US natural gas futures ended up over 1 percent on Thursday on forecasts for warmer weather following a government report of a smaller-than-expected storage build. The US Energy Information Administration said utilities added 88 billion cubic feet of gas into storage last week, below analysts' forecasts in a Reuters poll for the second week in a row.
That was below the analyst estimates for a 93-bcf build and the prior week's 90-bcf build, but was still well over the 57-bcf build a year earlier and the 46-bcf five-year average.
Front-month September futures on the CME NYMEX closed up 4.9 cents, or 1.3 percent, at $3.841 per mmBtu, after trading between $3.76 and $3.89 during the day.
After falling last week for a sixth consecutive week, the longest stretch of weekly declines in more than four years, September was up 2 percent so far this week but still down 14 percent for the month and off 9 percent for the year.
MDA Weather Services said weather would remain cool over the eastern two-thirds of the United States for the next 10 days and then turn warmer over the following five days.
That warmth was in line with US weather models predicting near-normal temperatures over the next two weeks, with 198 cooling degree days, up from 192 earlier Thursday, versus a normal of 197 for this time of year, according to Thomson Reuters Analytics.
On the NYMEX, the September 2014 contract reached a 2.7-cent discount to October 2014, the biggest in 15 months.
The premium of front-month gas over spot Appalachian coal climbed to $1.35 from $1.29 on Wednesday. A gas premium over $2 makes it cost-effective for utilities to burn coal.
On the IntercontinentalExchange, next-day gas at the Henry Hub, the benchmark supply point in Louisiana, eased a penny to an average of $3.74, a fresh eight-month low.

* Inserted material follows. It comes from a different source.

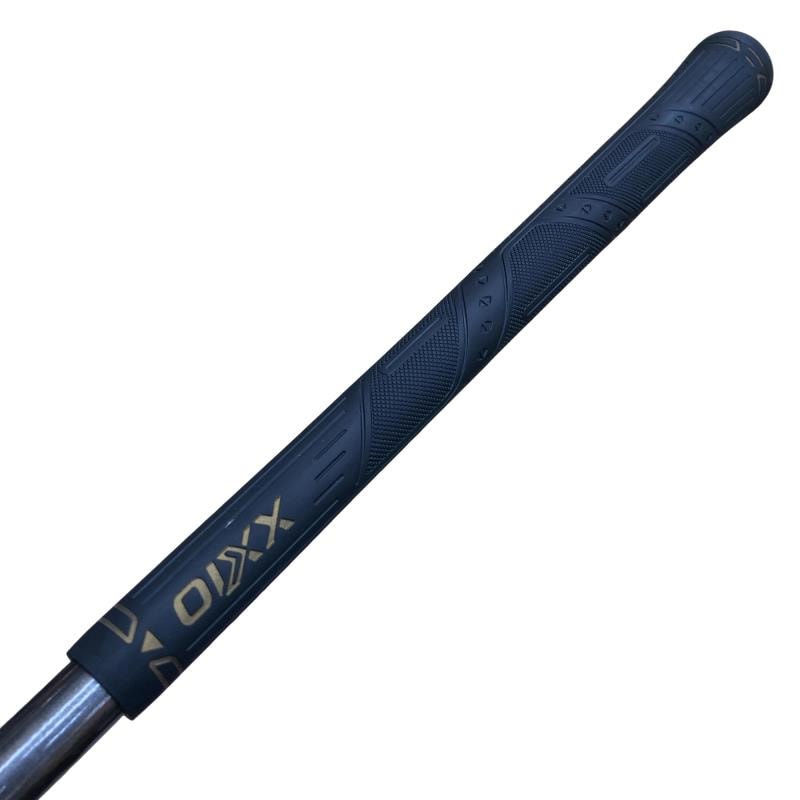 �w�w�h�n�@�o�q�h�l�d�i�Q�O�Q�P�j�@�S�r�i���{���F�S�{�Z�b�g�j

Next-day New York gas lost a penny to $2.23, the lowest in over two years, while Chicago citygates held just off an eight-month low at $3.77, and the Southern California Border gained eight cents to $4.19.
In the Marcellus, the Dominion South hub in southwestern Pennsylvania gained 2 cents to $2.04, just over the lowest in two years, while the Tennessee Gas Pipe Zone 4 Marcellus hub in north-east Pennsylvania was close to dropping below a dollar, losing 24 cents to $1.19.
In power markets, the next-day Mid Columbia hub in the Pacific Northwest gained $7 to average $55 per megawatt hour, while PJM West in the Mid-Atlantic gained $1 to $37.